> [TASK BRIEF]
Beginning with the line that holds "Matteo Antonio Mongelli-14" and ending with the last line below, repeat each line exactly, leaving any pictures out.

Data records:
^^^^^^^^

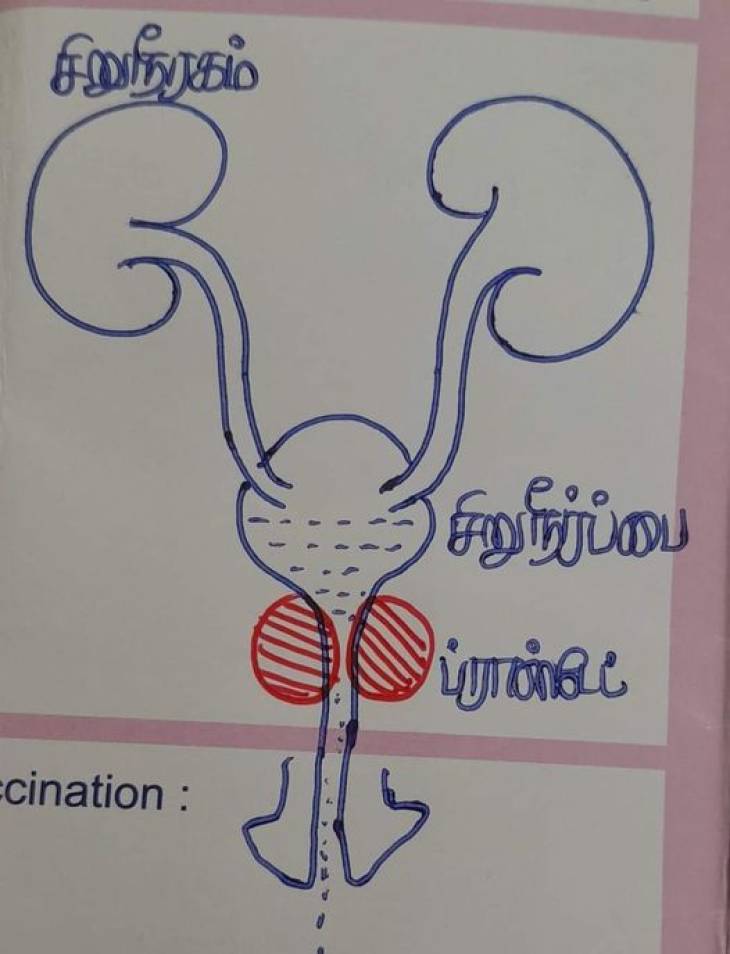 ஆண்களை அச்சுறுத்தும் ப்ராஸ்டேட் சுரப்பி வீக்கமும் - சிறுநீர் கழித்தல் பிரச்சனையும்!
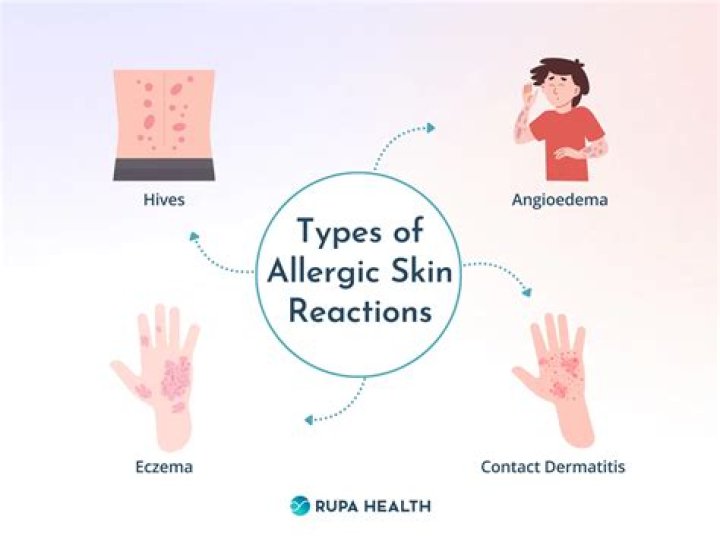 During allergic reaction which of the following is secreted?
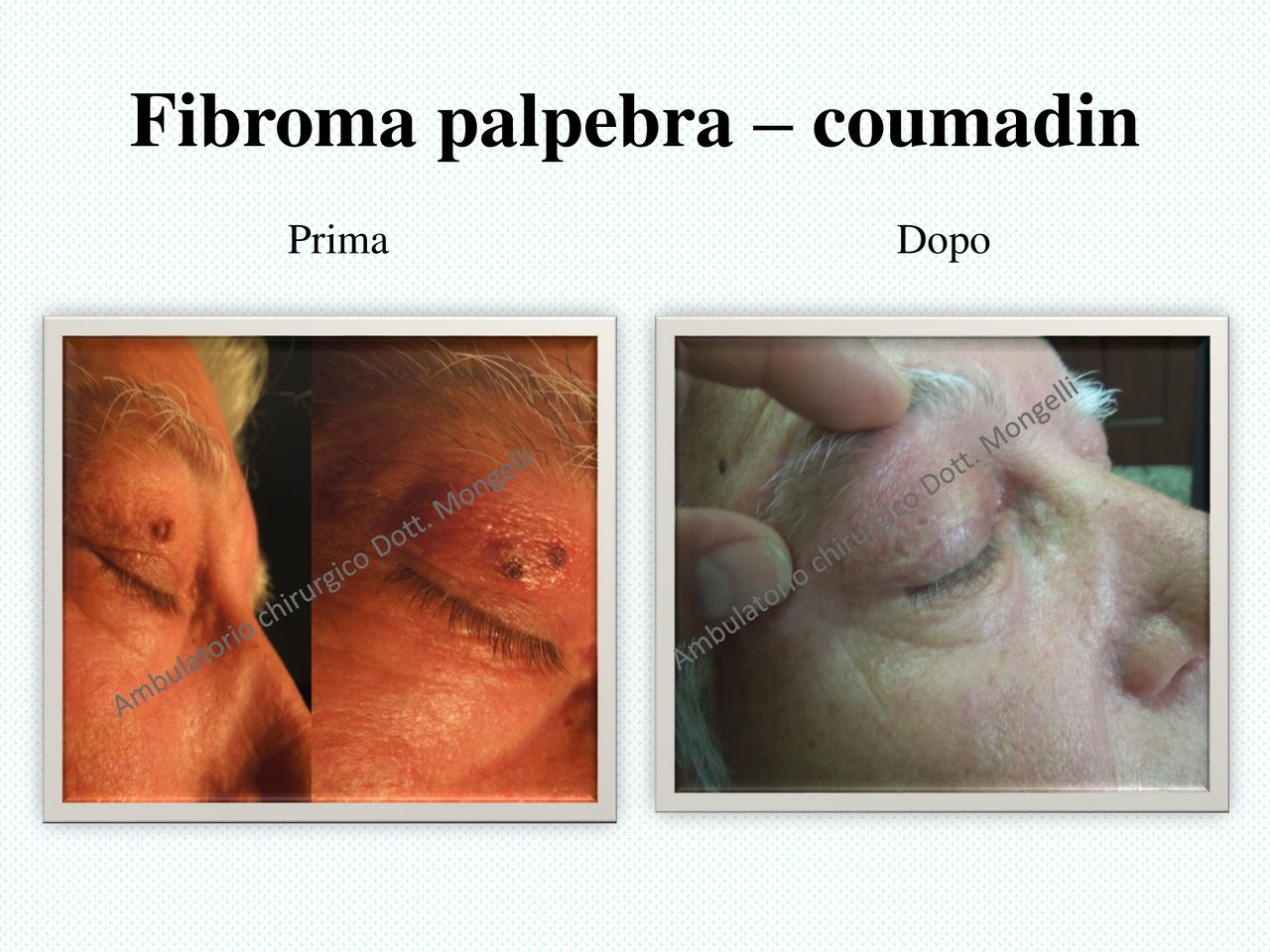 Matteo Antonio Mongelli-14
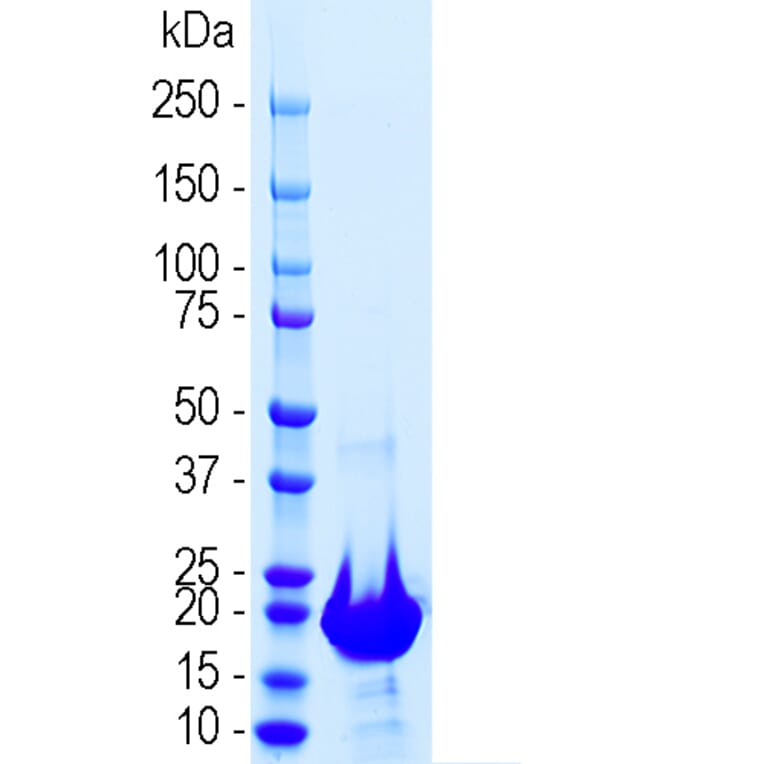 SDS-PAGE - Recombinant Human NF-L Polypeptide (A270596) - Antibodies.com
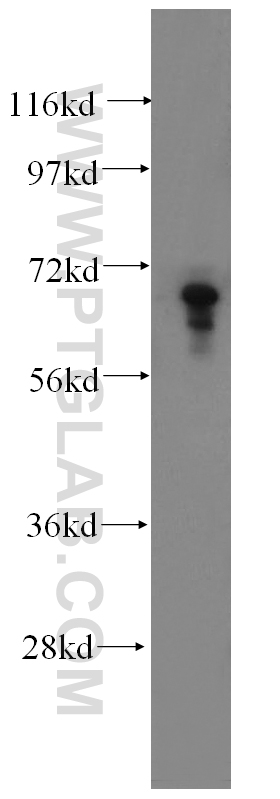 WB analysis of HepG2 using 13486-1-AP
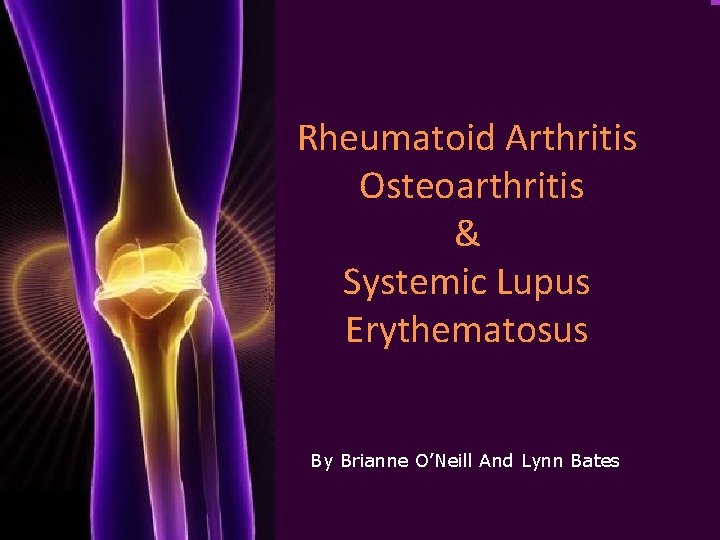 Rheumatoid Arthritis Osteoarthritis & Systemic Lupus Erythematosus By Brianne O’Neill And Lynn Bates 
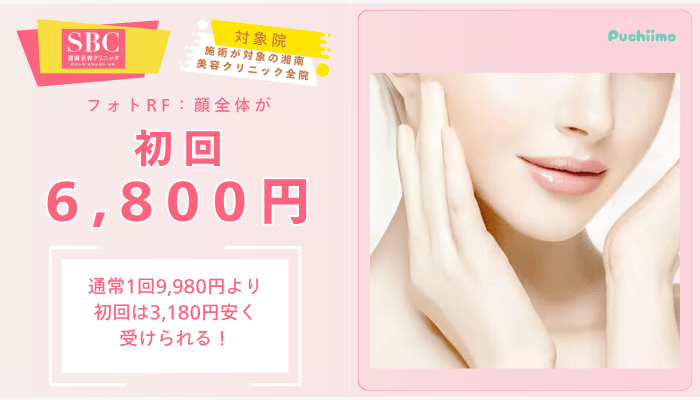 SBCフォトRF：顔全体が初回6800円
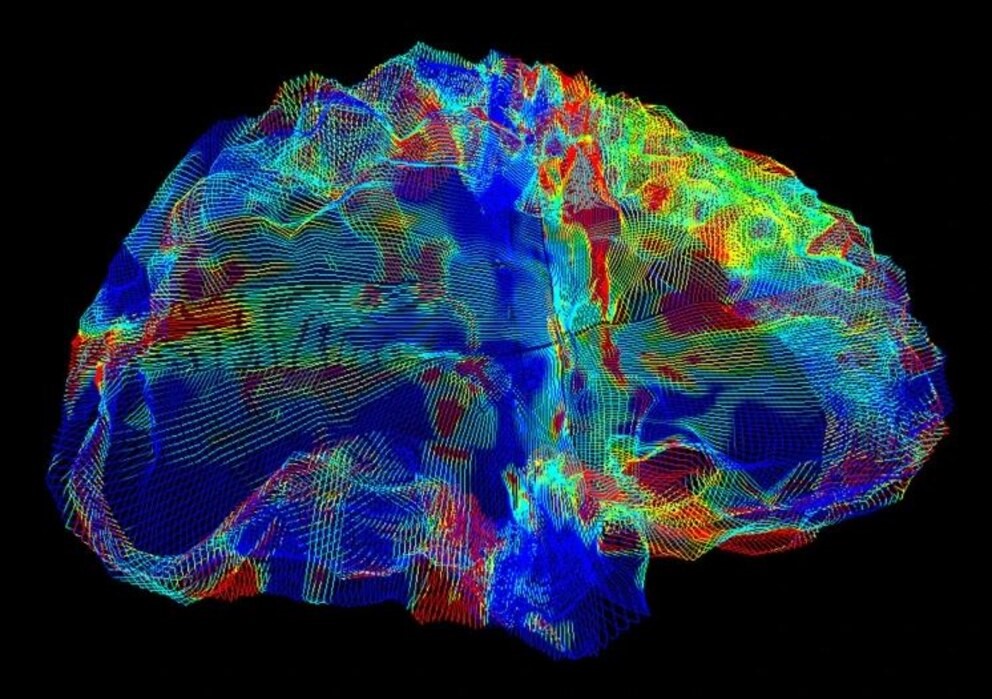 Afirman que un mismo gen podría aumentar el riesgo de Alzheimer, Parkinson y ELA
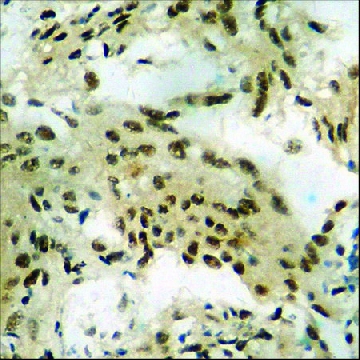 Anti-phospho-GR (pSer²⁰³) antibody produced in rabbit，100UG，SAB4504585-100UG，Sigma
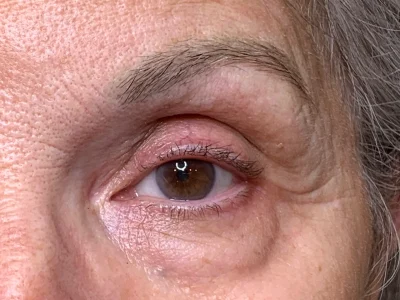 Micropigmentation before eyeliner procedure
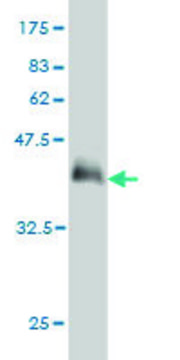 Monoclonal Anti-PHF21A antibody produced in mouse clone 5A6, purified immunoglobulin, buffered aqueous solution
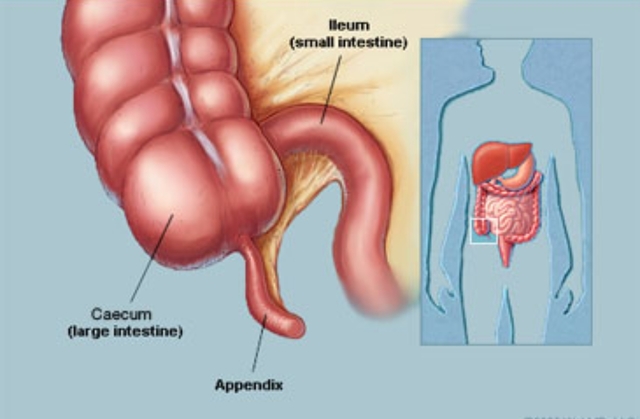 Appendicitis (Renaissance)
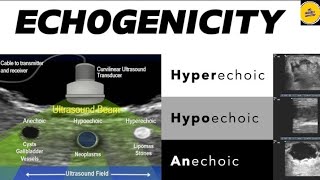 Explain Echogenicity  hyperechoic hypoechoic anechoic [upl. by Urian]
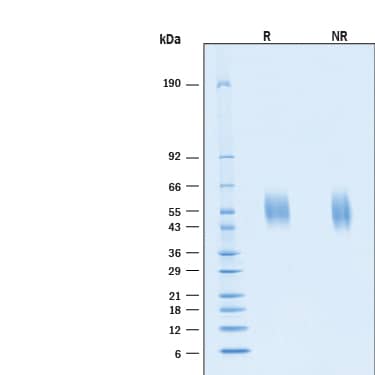 2 μg/lane of Recombinant SARS-CoV-2 B.1.617.2 Spike S1 NTD His-tag Protein (Catalog # 11114-CV) was resolved with SDS-PAGE under reducing (R) and non-reducing (NR) conditions and visualized by Coomassie® Blue staining, showing bands at 53-59 kDa.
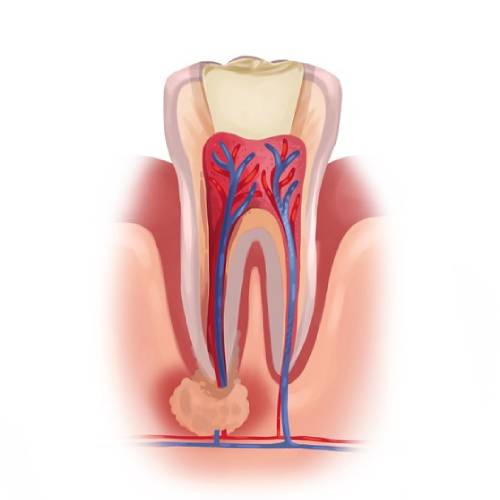 Root Canal Treatment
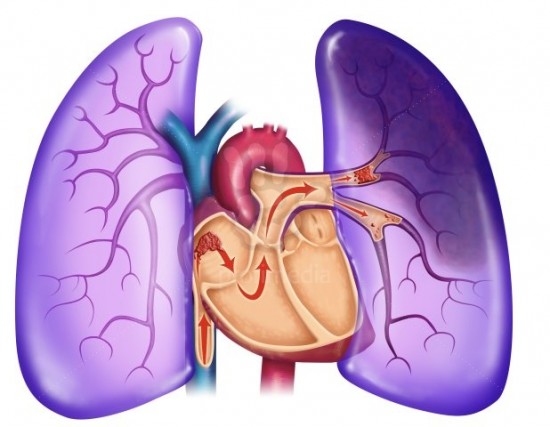 Tüdő- és légúti megbetegedések - Tüdőembólia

^^^^^^^^

> [EXERCISE RESPONSE]
 Matteo Antonio Mongelli-14
 SDS-PAGE - Recombinant Human NF-L Polypeptide (A270596) - Antibodies.com
 WB analysis of HepG2 using 13486-1-AP
 Rheumatoid Arthritis Osteoarthritis & Systemic Lupus Erythematosus By Brianne O’Neill And Lynn Bates 
 SBCフォトRF：顔全体が初回6800円
 Afirman que un mismo gen podría aumentar el riesgo de Alzheimer, Parkinson y ELA
 Anti-phospho-GR (pSer²⁰³) antibody produced in rabbit，100UG，SAB4504585-100UG，Sigma
 Micropigmentation before eyeliner procedure
 Monoclonal Anti-PHF21A antibody produced in mouse clone 5A6, purified immunoglobulin, buffered aqueous solution
 Appendicitis (Renaissance)
 Explain Echogenicity  hyperechoic hypoechoic anechoic [upl. by Urian]
 2 μg/lane of Recombinant SARS-CoV-2 B.1.617.2 Spike S1 NTD His-tag Protein (Catalog # 11114-CV) was resolved with SDS-PAGE under reducing (R) and non-reducing (NR) conditions and visualized by Coomassie® Blue staining, showing bands at 53-59 kDa.
 Root Canal Treatment
 Tüdő- és légúti megbetegedések - Tüdőembólia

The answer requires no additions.